# Precision measuring tools (Has anyone used one of these?)



## bezalel2000 (Feb 10, 2012)

Hi Guys

Not sure if this should be here or in Q&A.

Either way its a nice piece of kit handed down to me from my father when he retired many rears back.

It seams to be a bit of over kill to be just a base for a dial indicator for the mill.

In the photo set up on the mill table there is also a precision ground attachment on the right. Ground at right angles on most faces at the ends.

There are two other items that may not be part of the original kit.

 Does anyone know how to use any or all of it, for something other seeing how flat the table is?


----------



## moconnor (Feb 10, 2012)

Hello,

It is just a heavy-duty dial indicator and base that is often used in an inspection department on a surface plate because of its stability. Also commonly used at individual work stations during production machining for the same reason. The long, rigid cast iron T-slotted base is also nice for spanning the ways of a lathe bed or for similar set-ups. Also very handy for machine rebuilding and scraping operations. The large diameter of the post and arm and the rigid design of the joint provides a very stable dial indicator set-up compared to the smaller versions that we often use. Starrett and Brown & Sharpe have similar units. Very nice set that you have there.

Regards,
Mike 

P.S. The item that you have across the T-Slotted base in your 3rd photo down from the top is a clamp that is used as a 'fence' to enable the base to be guided along a parallel surface. Like the pins on the base of a surface gauge.


----------



## bezalel2000 (Feb 10, 2012)

moconnor  said:
			
		

> P.S. The item that you have across the T-Slotted base in your 3rd photo down from the top is a clamp that is used as a 'fence' to enable the base to be guided along a parallel surface. Like the pins on the base of a surface gauge.



Thanks mike that clamp is a neat fit in the slots of the base.

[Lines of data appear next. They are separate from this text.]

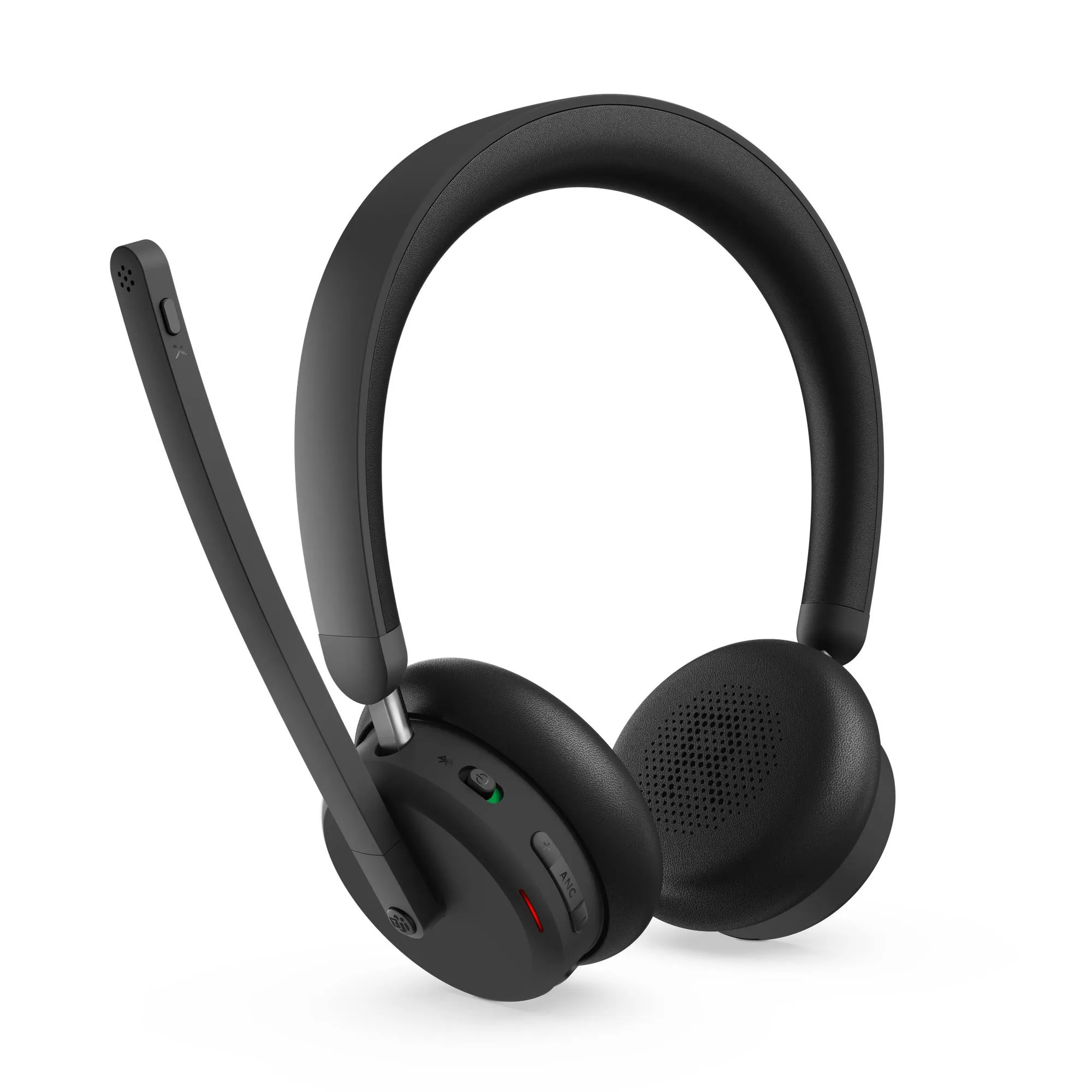 Audífonos Lenovo ANC Headset 6550 Bluetooth USB-C Cancelación Ruido Oficina Teams 3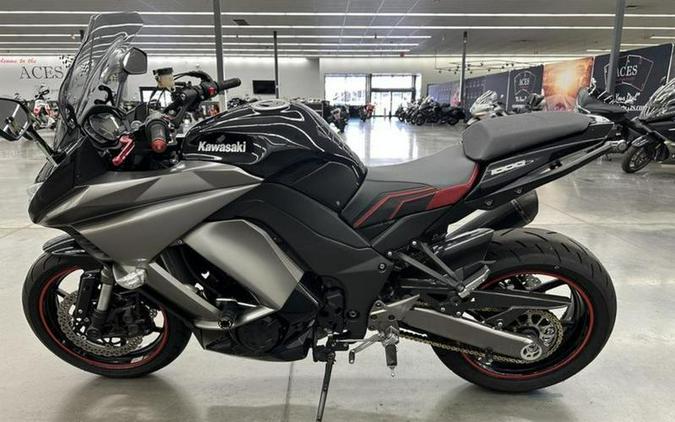 2012 Kawasaki ZX1000GCF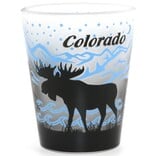 American Gift Corp SHOT-MOOSE MNT FROST CO ASST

any thought on the other one?

Someone suggested the V might fit a v bed lathe, but it is too wide for the slot IIRC

Bez


----------



## moconnor (Feb 10, 2012)

Hello Bez,

Not sure what they may be. They may be something made for a specific job or not related to the tool at all.

I have attached the Starrett Tools catalog pages of their No.665 Series Inspection Holder & Accessories. I have this tool and the only accessories that are related to the T-slotted base which are items No.665E 'Base Reference Guide' and No.665F 'Square Keyway Guide'. They don't have anything that looks like your mystery items. BTW, the Brown & Sharpe version is almost identical to the Starrett with similar accessories.

Regards,
Mike 

View attachment Catalog_32_Page_176.pdf


View attachment Catalog_32_Page_177.pdf


----------



## bezalel2000 (Feb 14, 2012)

Thanks mike 

that s just what I needed.
 From the catalogue I can see I have items A,B,C,D,F,H & I all in this kit.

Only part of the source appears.